APA lagi yang harus dilakukan jika oknum-oknum instansi yang notabene adalah garda terdepan penyelamat uang negara seperti KPK atau BPK, alih-alih terus berupaya membasmi praktek korupsi sampai ke akar-akarnya, malah ikut main?
Ketua Badan Pemeriksa Keuangan (BPK) Isma Yatun bungkam saat didesak wartawan perihal oknum anak buahnya yang ikut terseret kasus korupsi eks Menteri Pertanian Syahrul Yasin Limpo (SYL) di lingkungan kementerian yang dipimpinnya.
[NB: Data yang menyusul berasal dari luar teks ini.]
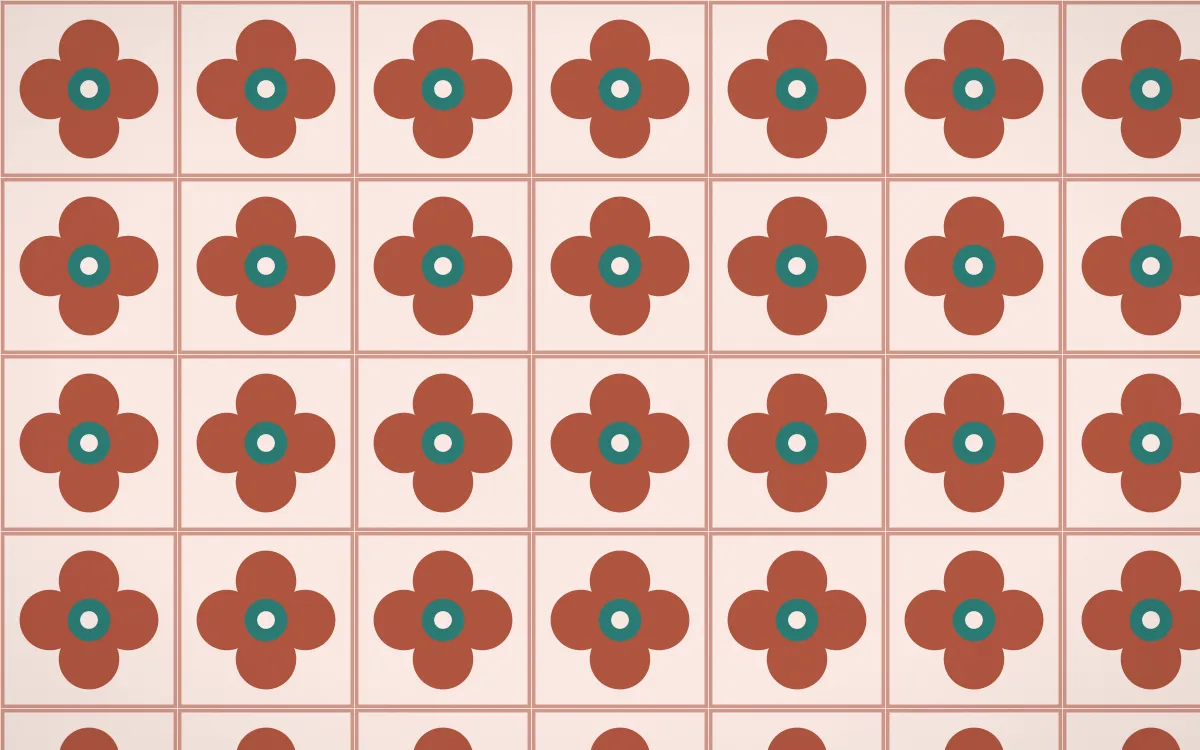 Jaipur Rose Quatrefoil Tile — light red, teal and orange azulejo background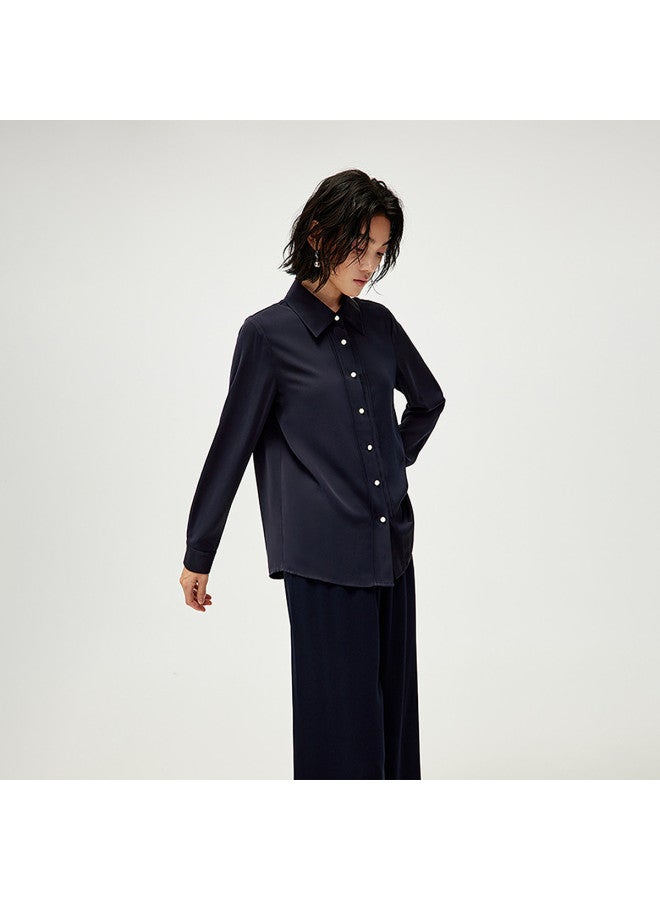 HLA قميص نسائي أنيق وعصري بأكمام طويلة ومناسب للربيع 2025، فضفاض وناعم - Image 3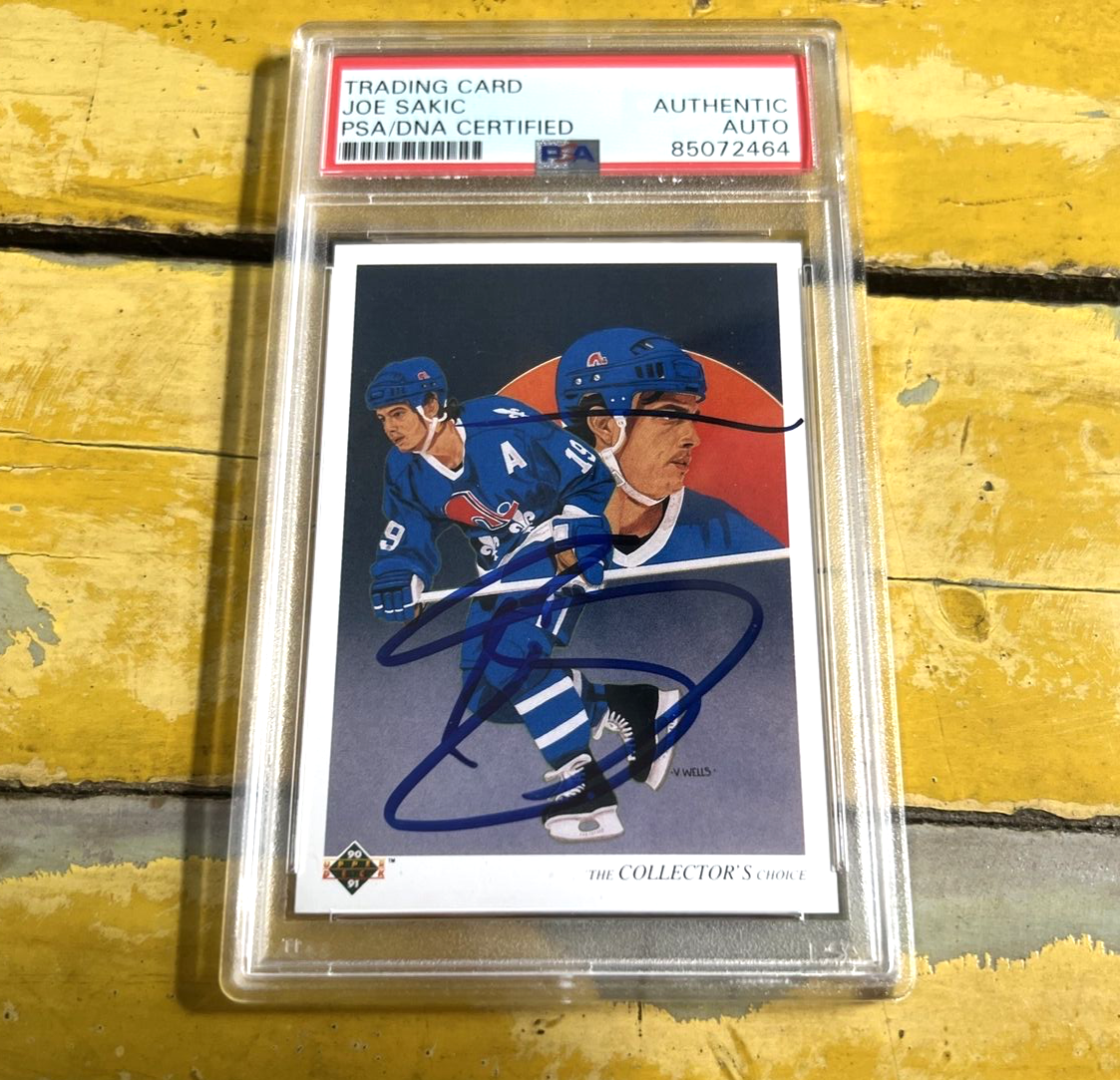 NHL Joe Sakic Autographed Signed 1990-91 Upper Deck Check. Card #301 PSA Slab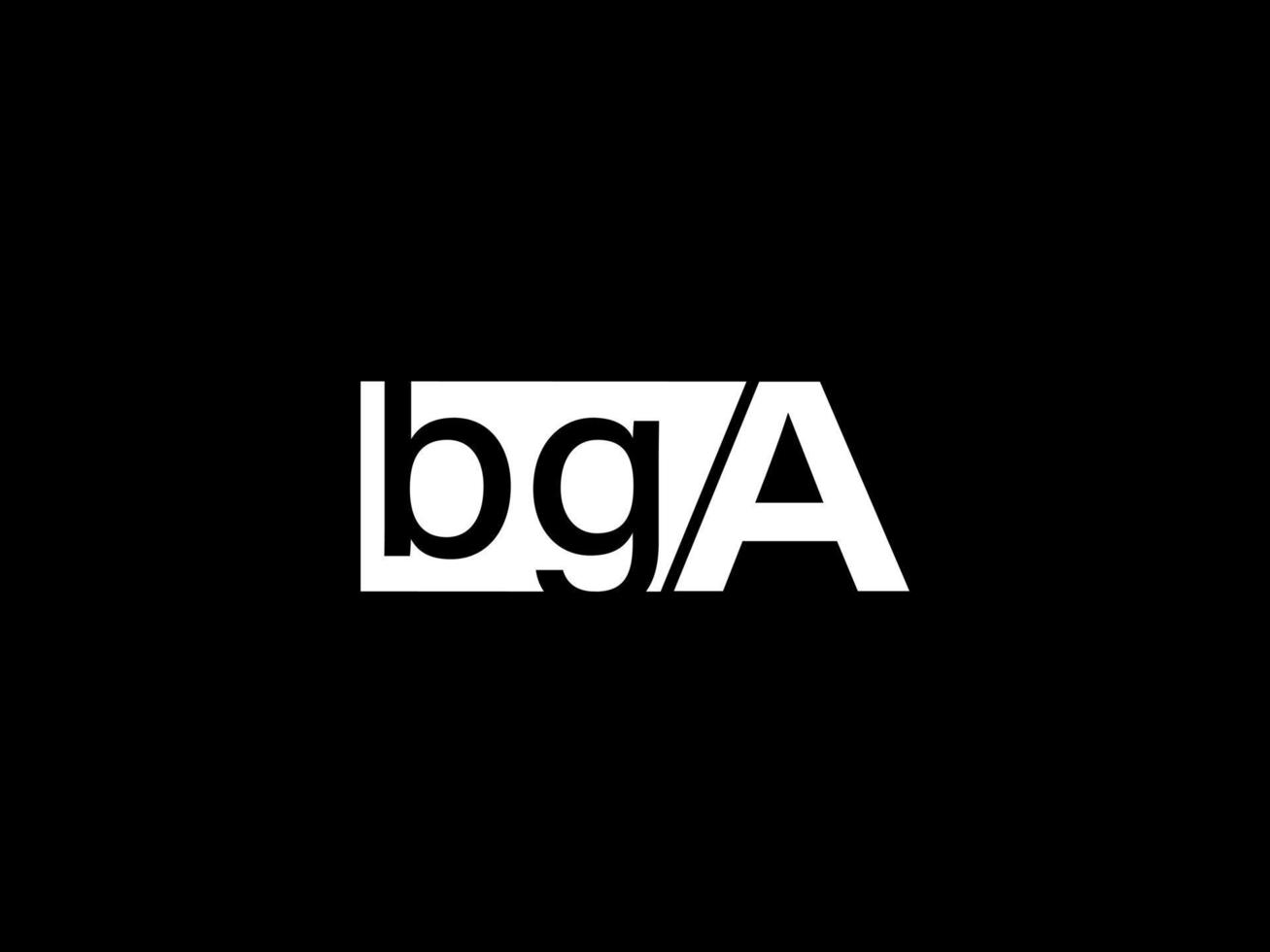 logo bga et art vectoriel de conception graphique, icônes isolées sur fond noir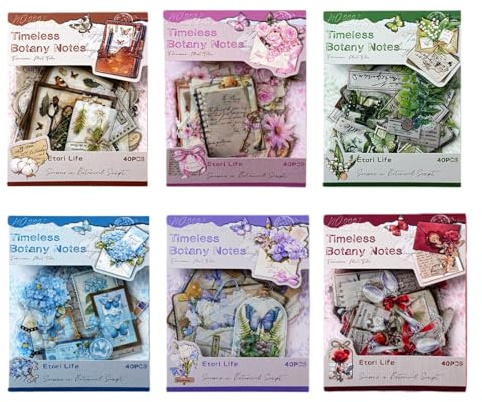 ​Doukado 240 Pieces Vintage Writing-Themed Aesthetic Stickers, Waterproof PET Decals for Scrapbooking, Bullet Journals, Planners, Flower, Butterfly, Writing Paper, Envelope Stickers for DIY Crafts
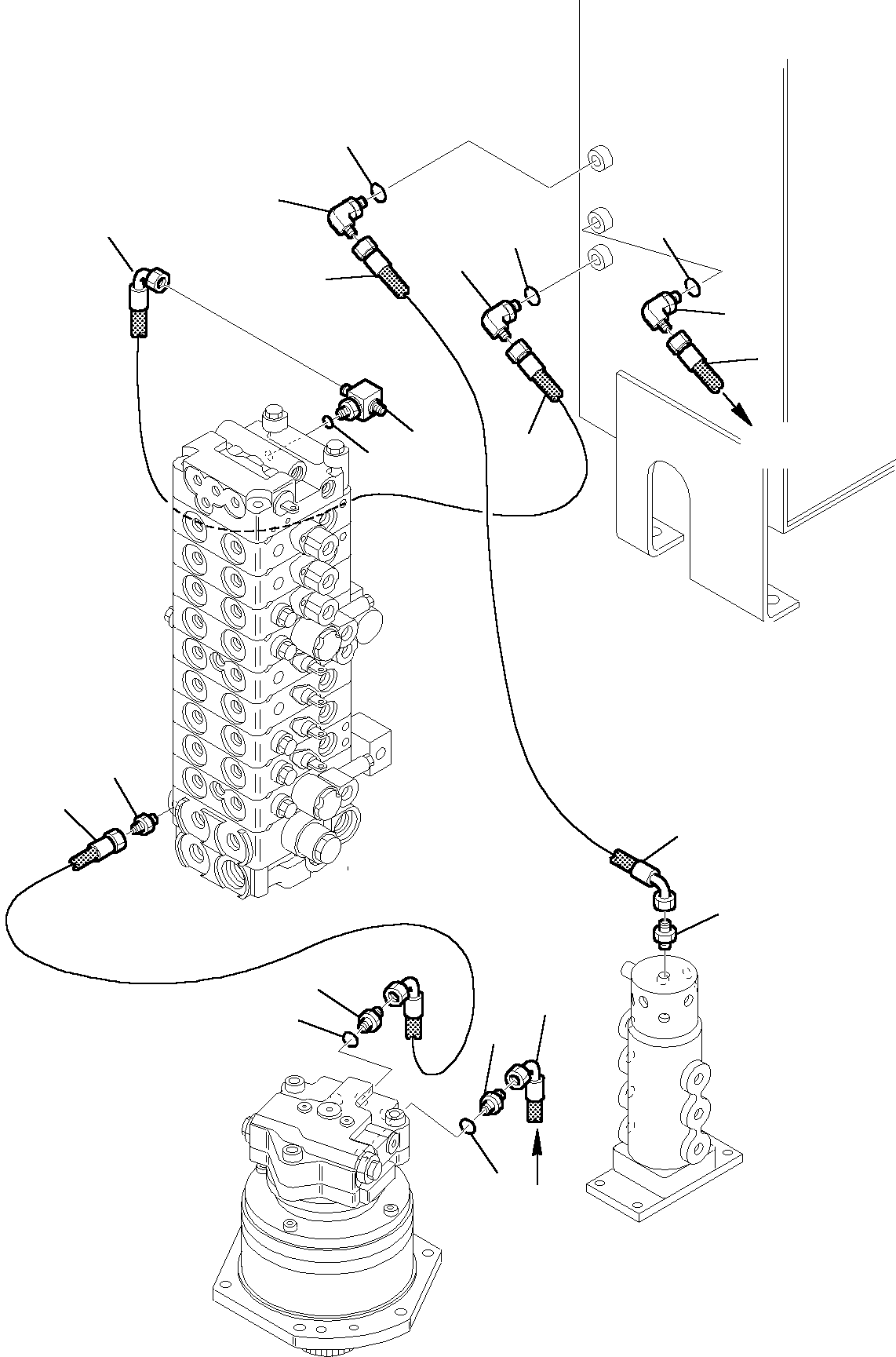 Komatsu parts book diagram for PC27R-8 S/N F31103-Up: HYDRAULIC PIPING (DRAIN LINE)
“Nanti saja ya, terima kasih banyak,” ujar Isma Yatun sambil menelungkupkan tangan dan berjalan menjauhi wartawan di Istana Kepresidenan, Jakarta, Rabu (15/5).
Seorang oknum auditor BPK disebut-sebut telah meminta uang sebear Rp 12 miliar agar Kementan mendapatkan status wajar tanpa pengecualian (WTP), sementara SYL sendiri sedang menjalani sidang maraton Tipikor dengan dakwaan menilap uang negara Rp 45,5 miliar untuk keperluan pribadi, isteri, anak dan cucunya.
Sesditjen Prasarana dan Sarana Pertanian Kementan Hermanto yang dihadirkan sebagai saksi mengamini, ada oknum auditor BPK meminta uang Rp12 miliar untuk mendapatkan sertifikat WTP yang terlambat diterbitkan akibat adanya temuan di program lumbung pangan nasional (food estate).
Namun ia mengaku tidak mengetahui apakah Kementan langsung memenuhi permintaan tersebut atau tidak, hanya saja, berdasarkan informasi yang diperoleh dari eks Direktur Alat dan Mesin Pertanian Kementan, Muhammad Hatta, Kementan hanya memberi Rp 5 miliar.
Kepada Jaksa ia mengaku tidak mengetahui secara detail penyerahan uang miliaran ke BPK tersebut. Hanya saja, oknum auditor BPK itu kerap menagih sisa permintaan yang tidak dipenuhi Kementan.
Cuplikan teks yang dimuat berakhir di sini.